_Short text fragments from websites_
- - - - - - -

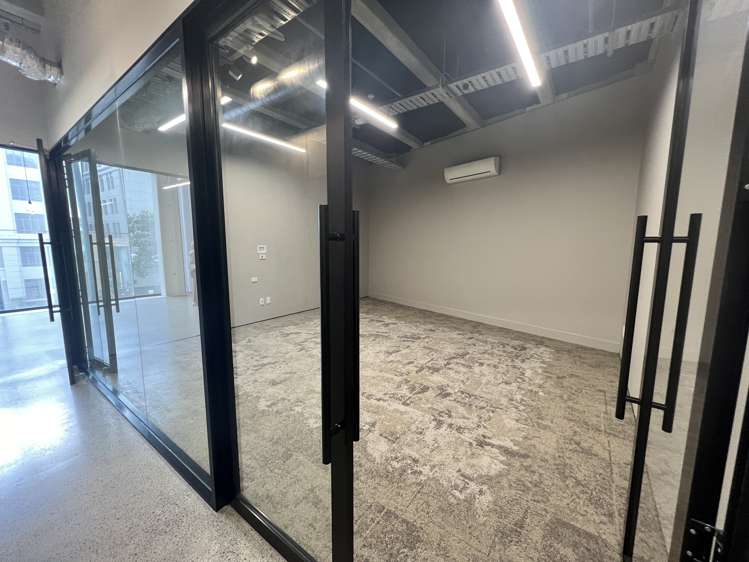 104 Fanshawe Street Auckland Cbd_12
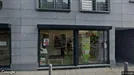 Apartment for rent, Luik, Luik (region), Rue dAmercoeur
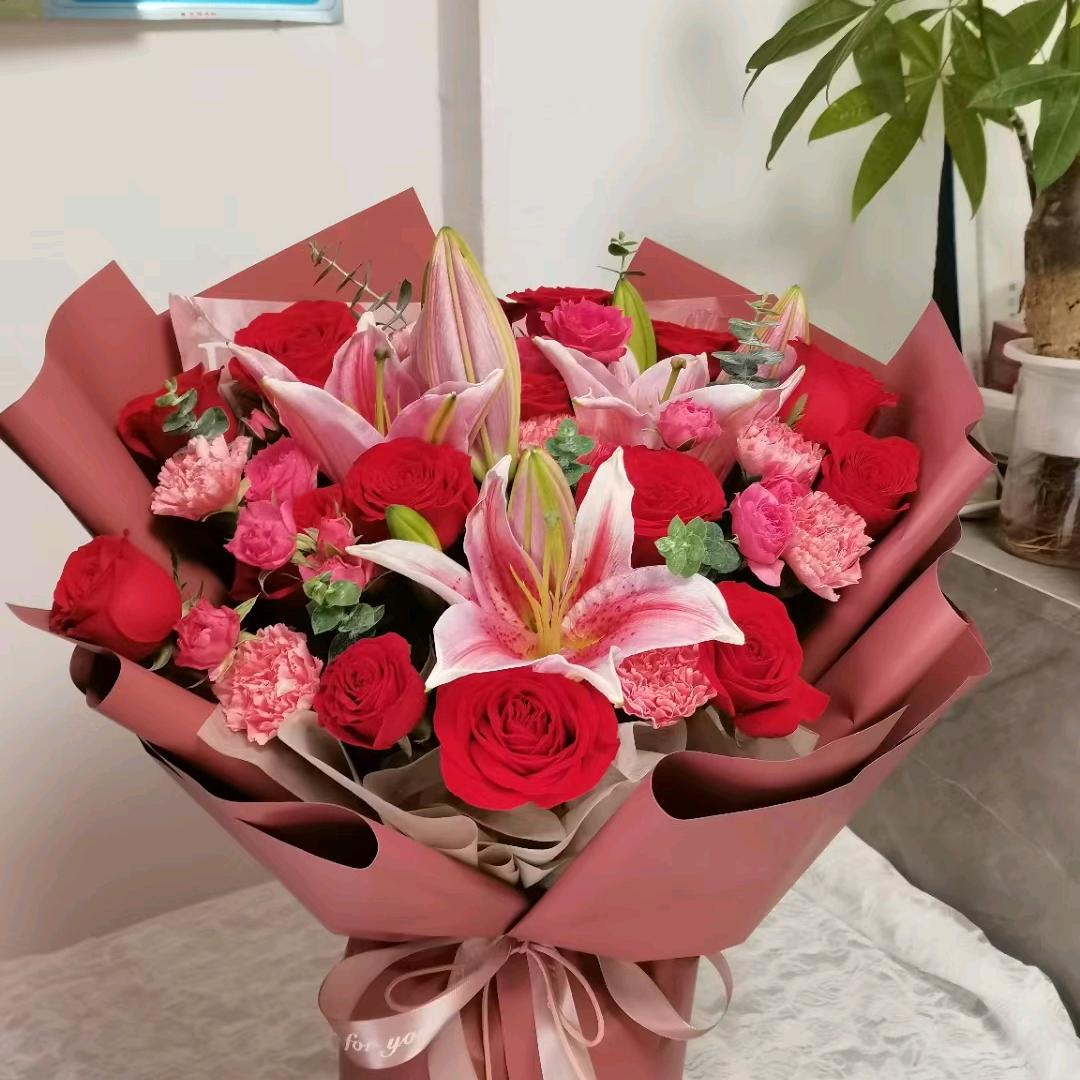 @🙏🌹❤️,江南好🦋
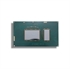 Picture of Intel CPU FJ8067703281718 SR3L8 i7-8650U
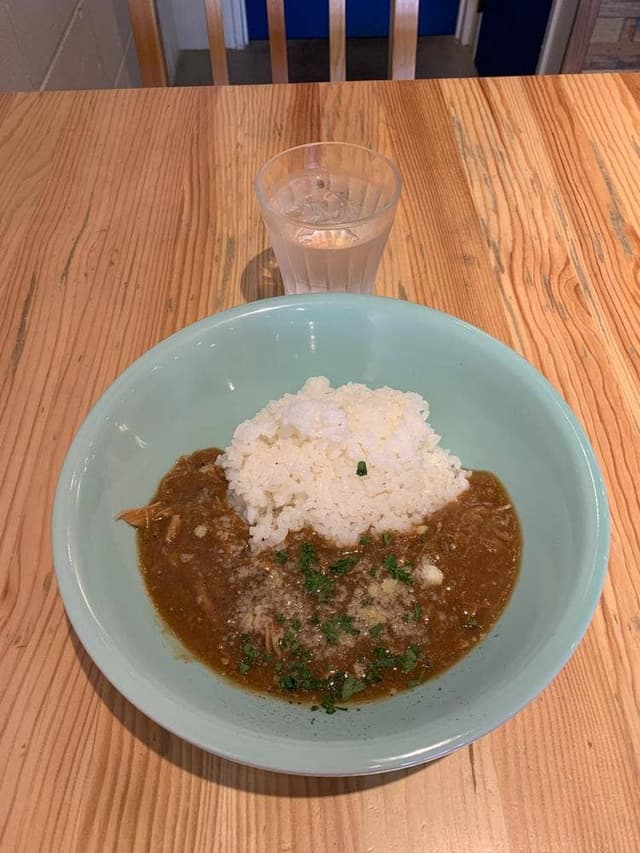 シズール デリ サンドイッチーズ - サブ画像3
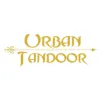 Urban Tandoor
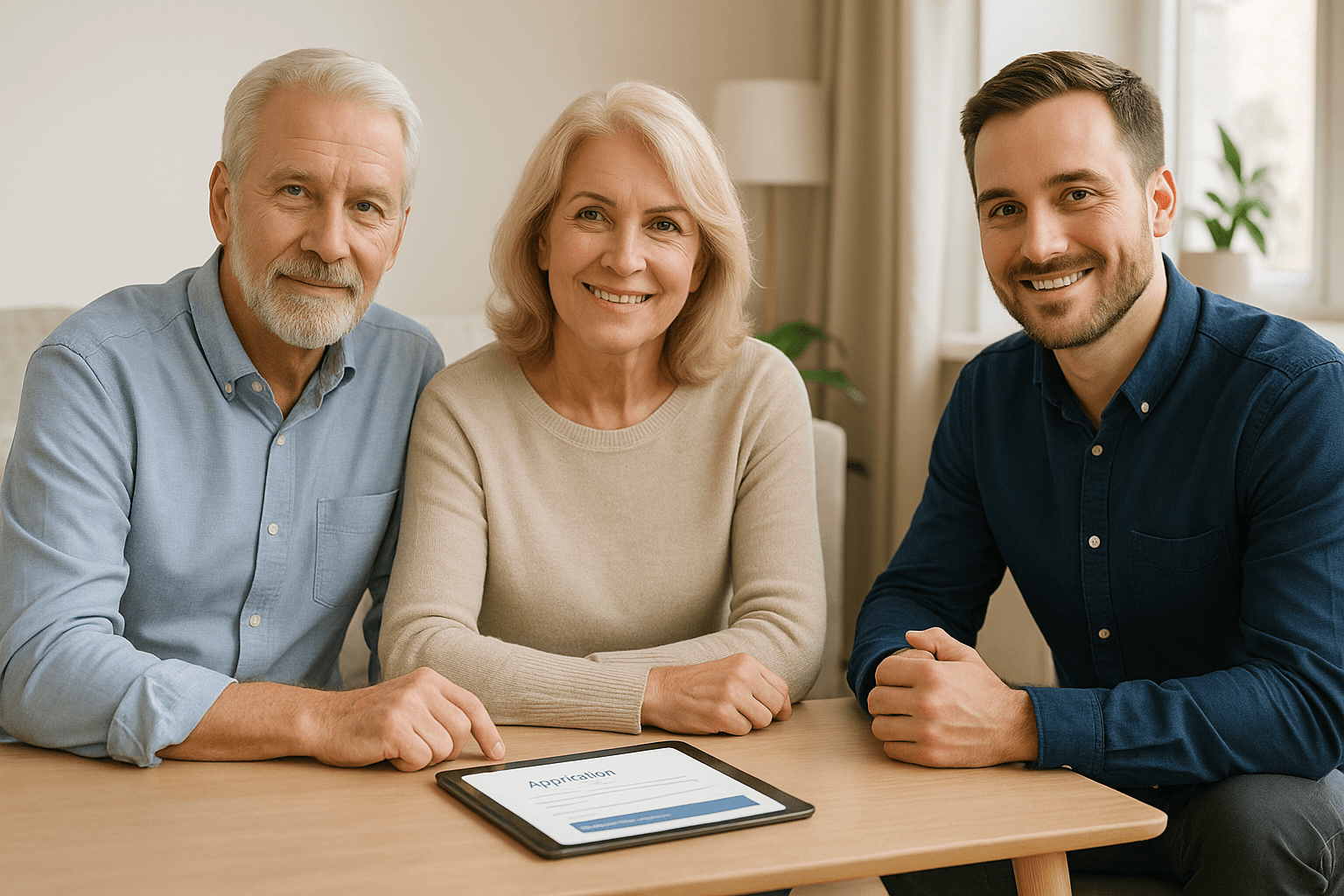 Immer mehr Familien setzen beim Thema Pflege auf moderne Online-Lösungen statt Papierkram. Expertenberatung wie von Checkfox gibt Sicherheit – damit Sie keine Förderung mehr verpassen. Digital, unkompliziert, individuell: So geht Pflegeförderung heute!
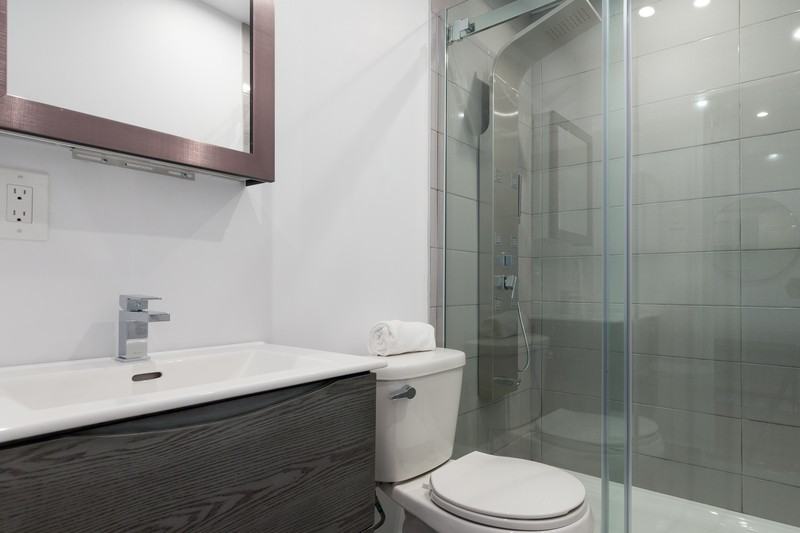 4433 Avenue de l'Hôtel-de-Ville - Photo 5 of 11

- - - - - - -

_Your instructions_
If a record holds a picture, leave the picture out and copy the rest exactly.

_Task result_
 104 Fanshawe Street Auckland Cbd_12
 Apartment for rent, Luik, Luik (region), Rue dAmercoeur
 @🙏🌹❤️,江南好🦋
 Picture of Intel CPU FJ8067703281718 SR3L8 i7-8650U
 シズール デリ サンドイッチーズ - サブ画像3
 Urban Tandoor
 Immer mehr Familien setzen beim Thema Pflege auf moderne Online-Lösungen statt Papierkram. Expertenberatung wie von Checkfox gibt Sicherheit – damit Sie keine Förderung mehr verpassen. Digital, unkompliziert, individuell: So geht Pflegeförderung heute!
 4433 Avenue de l'Hôtel-de-Ville - Photo 5 of 11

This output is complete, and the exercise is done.